To address the excessive token consumption, performance degradation (“less is more” phenomenon), and redundant key-frame selection (“visual echo”) in multimodal large language models (MLLMs) for video question answering (Video-QA), this work proposes an adaptive frame pruning and semantic graph fusion framework. Methodologically: (1) hierarchical clustering-based pruning is performed in the joint feature space of ResNet-50 and CLIP to eliminate temporal redundancy; (2) a lightweight, text-driven semantic graph is introduced to recover contextual information lost due to frame pruning at minimal computational cost. Extensive experiments across multiple state-of-the-art MLLMs and Video-QA benchmarks demonstrate that our approach achieves up to 86.9% frame compression and 83.2% token reduction, while maintaining or even surpassing the accuracy of full-frame baselines—thereby significantly improving the efficiency–accuracy trade-off.

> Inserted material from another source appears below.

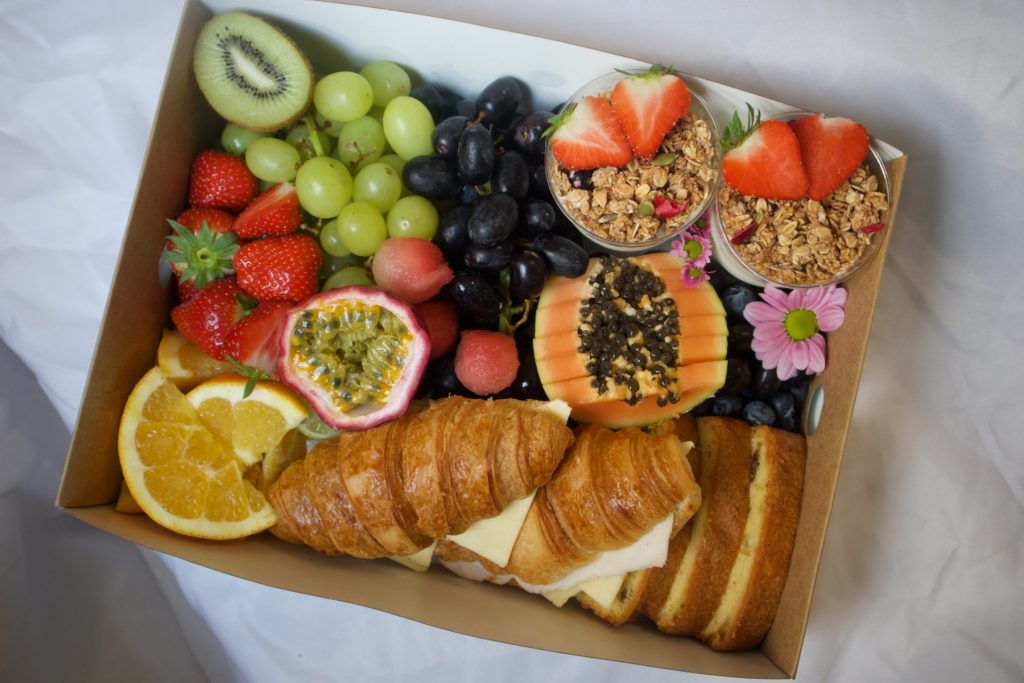 Breakfast Box 1 Exotic Fruits And Cocktails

The practical application of Multimodal Large Language Models (MLLMs) to Video Question Answering (Video-QA) is severely hindered by the high token cost of processing numerous video frames. While increasing the number of sampled frames is a common strategy, we observe a "less is more" phenomenon where excessive frames can paradoxically degrade performance due to context dilution. Concurrently, state-of-the-art keyframe selection methods, while effective, still yield significant temporal redundancy, which we term 'visual echoes'. To address these dual challenges, we propose Adaptive Frame-Pruning (AFP), a novel post-processing method that intelligently prunes the selected keyframes. AFP employs an adaptive hierarchical clustering algorithm on a fused ResNet-50 and CLIP feature space to identify and merge these echoes into single representatives. To compensate for information loss, we then introduce a lightweight, text-based semantic graph that provides critical context with minimal token overhead. Conducting extensive experiments on the LongVideoBench and VideoMME benchmarks across multiple leading MLLMs, our full approach demonstrates a drastic reduction in required frames by up to 86.9% and total input tokens by up to 83.2%. Crucially, by providing a concise, high-quality set of frames, our method not only enhances efficiency but often improves accuracy over baselines that use more frames. The code will be released upon publication.